What to do:
The entries must be restated exactly as written.

Brief descriptive captions:
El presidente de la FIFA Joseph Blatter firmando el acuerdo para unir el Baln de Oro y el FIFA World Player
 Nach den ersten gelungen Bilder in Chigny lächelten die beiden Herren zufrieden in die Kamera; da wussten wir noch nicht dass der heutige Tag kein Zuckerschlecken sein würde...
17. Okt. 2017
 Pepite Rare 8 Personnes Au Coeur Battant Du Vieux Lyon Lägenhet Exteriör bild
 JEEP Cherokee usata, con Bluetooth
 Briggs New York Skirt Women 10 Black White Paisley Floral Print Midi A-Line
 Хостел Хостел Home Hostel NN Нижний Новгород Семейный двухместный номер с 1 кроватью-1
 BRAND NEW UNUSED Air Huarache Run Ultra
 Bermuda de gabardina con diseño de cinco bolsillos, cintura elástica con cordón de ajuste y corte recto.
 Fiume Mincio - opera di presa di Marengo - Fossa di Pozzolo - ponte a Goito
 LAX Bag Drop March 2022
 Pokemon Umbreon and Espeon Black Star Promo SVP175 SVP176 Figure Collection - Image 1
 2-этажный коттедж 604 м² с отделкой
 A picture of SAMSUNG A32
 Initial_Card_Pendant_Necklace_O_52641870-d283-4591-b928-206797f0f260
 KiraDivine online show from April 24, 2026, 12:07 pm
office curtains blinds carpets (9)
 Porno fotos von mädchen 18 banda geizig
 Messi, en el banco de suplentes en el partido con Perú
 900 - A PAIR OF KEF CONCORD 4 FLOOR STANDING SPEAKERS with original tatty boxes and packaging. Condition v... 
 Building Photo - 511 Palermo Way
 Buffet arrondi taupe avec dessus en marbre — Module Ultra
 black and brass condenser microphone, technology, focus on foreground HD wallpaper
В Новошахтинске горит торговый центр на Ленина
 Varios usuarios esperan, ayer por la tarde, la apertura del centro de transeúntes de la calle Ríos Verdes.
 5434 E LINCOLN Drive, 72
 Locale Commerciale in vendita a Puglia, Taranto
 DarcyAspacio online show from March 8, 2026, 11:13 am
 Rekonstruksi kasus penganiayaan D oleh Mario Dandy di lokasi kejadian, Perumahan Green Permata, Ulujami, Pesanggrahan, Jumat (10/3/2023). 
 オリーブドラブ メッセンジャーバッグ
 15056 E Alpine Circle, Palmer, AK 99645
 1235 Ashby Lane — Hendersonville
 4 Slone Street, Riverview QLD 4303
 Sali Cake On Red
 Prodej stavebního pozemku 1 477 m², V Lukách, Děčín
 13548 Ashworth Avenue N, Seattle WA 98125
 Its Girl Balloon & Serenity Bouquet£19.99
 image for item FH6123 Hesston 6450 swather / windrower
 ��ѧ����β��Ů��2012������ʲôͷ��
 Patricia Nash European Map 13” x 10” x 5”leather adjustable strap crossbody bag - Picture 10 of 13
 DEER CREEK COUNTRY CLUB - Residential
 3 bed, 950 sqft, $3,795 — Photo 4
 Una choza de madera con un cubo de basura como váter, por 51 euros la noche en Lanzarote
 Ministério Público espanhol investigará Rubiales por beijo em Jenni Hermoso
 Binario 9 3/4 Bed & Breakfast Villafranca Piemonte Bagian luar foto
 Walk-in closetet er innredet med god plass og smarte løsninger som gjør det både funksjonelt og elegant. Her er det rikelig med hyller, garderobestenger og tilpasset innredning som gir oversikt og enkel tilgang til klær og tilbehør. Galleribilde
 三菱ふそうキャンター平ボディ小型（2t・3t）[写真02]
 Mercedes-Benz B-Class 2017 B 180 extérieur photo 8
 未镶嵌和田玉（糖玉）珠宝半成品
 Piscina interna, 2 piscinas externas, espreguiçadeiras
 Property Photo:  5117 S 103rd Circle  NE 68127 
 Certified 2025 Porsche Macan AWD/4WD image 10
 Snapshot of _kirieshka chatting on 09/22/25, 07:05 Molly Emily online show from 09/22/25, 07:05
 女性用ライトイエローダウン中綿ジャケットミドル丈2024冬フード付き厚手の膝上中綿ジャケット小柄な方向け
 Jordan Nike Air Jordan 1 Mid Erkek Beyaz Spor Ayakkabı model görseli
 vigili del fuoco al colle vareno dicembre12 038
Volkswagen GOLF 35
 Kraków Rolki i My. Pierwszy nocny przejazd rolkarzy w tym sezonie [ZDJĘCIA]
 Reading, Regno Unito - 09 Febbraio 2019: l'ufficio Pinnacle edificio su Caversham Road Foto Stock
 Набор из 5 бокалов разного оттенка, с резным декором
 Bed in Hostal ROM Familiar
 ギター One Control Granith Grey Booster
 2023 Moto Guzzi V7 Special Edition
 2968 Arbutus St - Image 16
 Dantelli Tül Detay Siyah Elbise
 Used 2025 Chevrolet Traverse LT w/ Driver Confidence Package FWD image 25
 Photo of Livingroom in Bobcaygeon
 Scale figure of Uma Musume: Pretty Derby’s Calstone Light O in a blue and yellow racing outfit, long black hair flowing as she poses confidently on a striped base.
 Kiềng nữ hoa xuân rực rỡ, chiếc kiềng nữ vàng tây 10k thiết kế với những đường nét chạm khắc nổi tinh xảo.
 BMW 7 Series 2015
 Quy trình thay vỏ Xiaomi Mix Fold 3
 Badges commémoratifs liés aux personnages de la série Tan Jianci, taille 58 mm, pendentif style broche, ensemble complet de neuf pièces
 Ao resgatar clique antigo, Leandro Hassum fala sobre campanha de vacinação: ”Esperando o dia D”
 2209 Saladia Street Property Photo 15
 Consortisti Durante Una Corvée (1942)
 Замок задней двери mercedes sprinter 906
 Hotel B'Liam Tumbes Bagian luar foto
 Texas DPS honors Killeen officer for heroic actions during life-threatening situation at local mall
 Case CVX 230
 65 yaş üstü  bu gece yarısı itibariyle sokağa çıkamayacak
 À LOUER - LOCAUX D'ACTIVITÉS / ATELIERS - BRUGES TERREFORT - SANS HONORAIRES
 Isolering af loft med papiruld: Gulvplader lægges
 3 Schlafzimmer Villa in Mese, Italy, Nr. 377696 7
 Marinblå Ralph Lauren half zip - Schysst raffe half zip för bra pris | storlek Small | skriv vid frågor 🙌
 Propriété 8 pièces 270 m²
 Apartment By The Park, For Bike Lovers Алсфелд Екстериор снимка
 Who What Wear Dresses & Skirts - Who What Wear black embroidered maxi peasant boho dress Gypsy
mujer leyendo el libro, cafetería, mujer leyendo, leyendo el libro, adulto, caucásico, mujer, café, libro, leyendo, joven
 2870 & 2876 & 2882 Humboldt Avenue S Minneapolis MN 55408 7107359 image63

Expected output:
El presidente de la FIFA Joseph Blatter firmando el acuerdo para unir el Baln de Oro y el FIFA World Player
 Nach den ersten gelungen Bilder in Chigny lächelten die beiden Herren zufrieden in die Kamera; da wussten wir noch nicht dass der heutige Tag kein Zuckerschlecken sein würde...
17. Okt. 2017
 Pepite Rare 8 Personnes Au Coeur Battant Du Vieux Lyon Lägenhet Exteriör bild
 JEEP Cherokee usata, con Bluetooth
 Briggs New York Skirt Women 10 Black White Paisley Floral Print Midi A-Line
 Хостел Хостел Home Hostel NN Нижний Новгород Семейный двухместный номер с 1 кроватью-1
 BRAND NEW UNUSED Air Huarache Run Ultra
 Bermuda de gabardina con diseño de cinco bolsillos, cintura elástica con cordón de ajuste y corte recto.
 Fiume Mincio - opera di presa di Marengo - Fossa di Pozzolo - ponte a Goito
 LAX Bag Drop March 2022
 Pokemon Umbreon and Espeon Black Star Promo SVP175 SVP176 Figure Collection - Image 1
 2-этажный коттедж 604 м² с отделкой
 A picture of SAMSUNG A32
 Initial_Card_Pendant_Necklace_O_52641870-d283-4591-b928-206797f0f260
 KiraDivine online show from April 24, 2026, 12:07 pm
office curtains blinds carpets (9)
 Porno fotos von mädchen 18 banda geizig
 Messi, en el banco de suplentes en el partido con Perú
 900 - A PAIR OF KEF CONCORD 4 FLOOR STANDING SPEAKERS with original tatty boxes and packaging. Condition v... 
 Building Photo - 511 Palermo Way
 Buffet arrondi taupe avec dessus en marbre — Module Ultra
 black and brass condenser microphone, technology, focus on foreground HD wallpaper
В Новошахтинске горит торговый центр на Ленина
 Varios usuarios esperan, ayer por la tarde, la apertura del centro de transeúntes de la calle Ríos Verdes.
 5434 E LINCOLN Drive, 72
 Locale Commerciale in vendita a Puglia, Taranto
 DarcyAspacio online show from March 8, 2026, 11:13 am
 Rekonstruksi kasus penganiayaan D oleh Mario Dandy di lokasi kejadian, Perumahan Green Permata, Ulujami, Pesanggrahan, Jumat (10/3/2023). 
 オリーブドラブ メッセンジャーバッグ
 15056 E Alpine Circle, Palmer, AK 99645
 1235 Ashby Lane — Hendersonville
 4 Slone Street, Riverview QLD 4303
 Sali Cake On Red
 Prodej stavebního pozemku 1 477 m², V Lukách, Děčín
 13548 Ashworth Avenue N, Seattle WA 98125
 Its Girl Balloon & Serenity Bouquet£19.99
 image for item FH6123 Hesston 6450 swather / windrower
 ��ѧ����β��Ů��2012������ʲôͷ��
 Patricia Nash European Map 13” x 10” x 5”leather adjustable strap crossbody bag - Picture 10 of 13
 DEER CREEK COUNTRY CLUB - Residential
 3 bed, 950 sqft, $3,795 — Photo 4
 Una choza de madera con un cubo de basura como váter, por 51 euros la noche en Lanzarote
 Ministério Público espanhol investigará Rubiales por beijo em Jenni Hermoso
 Binario 9 3/4 Bed & Breakfast Villafranca Piemonte Bagian luar foto
 Walk-in closetet er innredet med god plass og smarte løsninger som gjør det både funksjonelt og elegant. Her er det rikelig med hyller, garderobestenger og tilpasset innredning som gir oversikt og enkel tilgang til klær og tilbehør. Galleribilde
 三菱ふそうキャンター平ボディ小型（2t・3t）[写真02]
 Mercedes-Benz B-Class 2017 B 180 extérieur photo 8
 未镶嵌和田玉（糖玉）珠宝半成品
 Piscina interna, 2 piscinas externas, espreguiçadeiras
 Property Photo:  5117 S 103rd Circle  NE 68127 
 Certified 2025 Porsche Macan AWD/4WD image 10
 Snapshot of _kirieshka chatting on 09/22/25, 07:05 Molly Emily online show from 09/22/25, 07:05
 女性用ライトイエローダウン中綿ジャケットミドル丈2024冬フード付き厚手の膝上中綿ジャケット小柄な方向け
 Jordan Nike Air Jordan 1 Mid Erkek Beyaz Spor Ayakkabı model görseli
 vigili del fuoco al colle vareno dicembre12 038
Volkswagen GOLF 35
 Kraków Rolki i My. Pierwszy nocny przejazd rolkarzy w tym sezonie [ZDJĘCIA]
 Reading, Regno Unito - 09 Febbraio 2019: l'ufficio Pinnacle edificio su Caversham Road Foto Stock
 Набор из 5 бокалов разного оттенка, с резным декором
 Bed in Hostal ROM Familiar
 ギター One Control Granith Grey Booster
 2023 Moto Guzzi V7 Special Edition
 2968 Arbutus St - Image 16
 Dantelli Tül Detay Siyah Elbise
 Used 2025 Chevrolet Traverse LT w/ Driver Confidence Package FWD image 25
 Photo of Livingroom in Bobcaygeon
 Scale figure of Uma Musume: Pretty Derby’s Calstone Light O in a blue and yellow racing outfit, long black hair flowing as she poses confidently on a striped base.
 Kiềng nữ hoa xuân rực rỡ, chiếc kiềng nữ vàng tây 10k thiết kế với những đường nét chạm khắc nổi tinh xảo.
 BMW 7 Series 2015
 Quy trình thay vỏ Xiaomi Mix Fold 3
 Badges commémoratifs liés aux personnages de la série Tan Jianci, taille 58 mm, pendentif style broche, ensemble complet de neuf pièces
 Ao resgatar clique antigo, Leandro Hassum fala sobre campanha de vacinação: ”Esperando o dia D”
 2209 Saladia Street Property Photo 15
 Consortisti Durante Una Corvée (1942)
 Замок задней двери mercedes sprinter 906
 Hotel B'Liam Tumbes Bagian luar foto
 Texas DPS honors Killeen officer for heroic actions during life-threatening situation at local mall
 Case CVX 230
 65 yaş üstü  bu gece yarısı itibariyle sokağa çıkamayacak
 À LOUER - LOCAUX D'ACTIVITÉS / ATELIERS - BRUGES TERREFORT - SANS HONORAIRES
 Isolering af loft med papiruld: Gulvplader lægges
 3 Schlafzimmer Villa in Mese, Italy, Nr. 377696 7
 Marinblå Ralph Lauren half zip - Schysst raffe half zip för bra pris | storlek Small | skriv vid frågor 🙌
 Propriété 8 pièces 270 m²
 Apartment By The Park, For Bike Lovers Алсфелд Екстериор снимка
 Who What Wear Dresses & Skirts - Who What Wear black embroidered maxi peasant boho dress Gypsy
mujer leyendo el libro, cafetería, mujer leyendo, leyendo el libro, adulto, caucásico, mujer, café, libro, leyendo, joven
 2870 & 2876 & 2882 Humboldt Avenue S Minneapolis MN 55408 7107359 image63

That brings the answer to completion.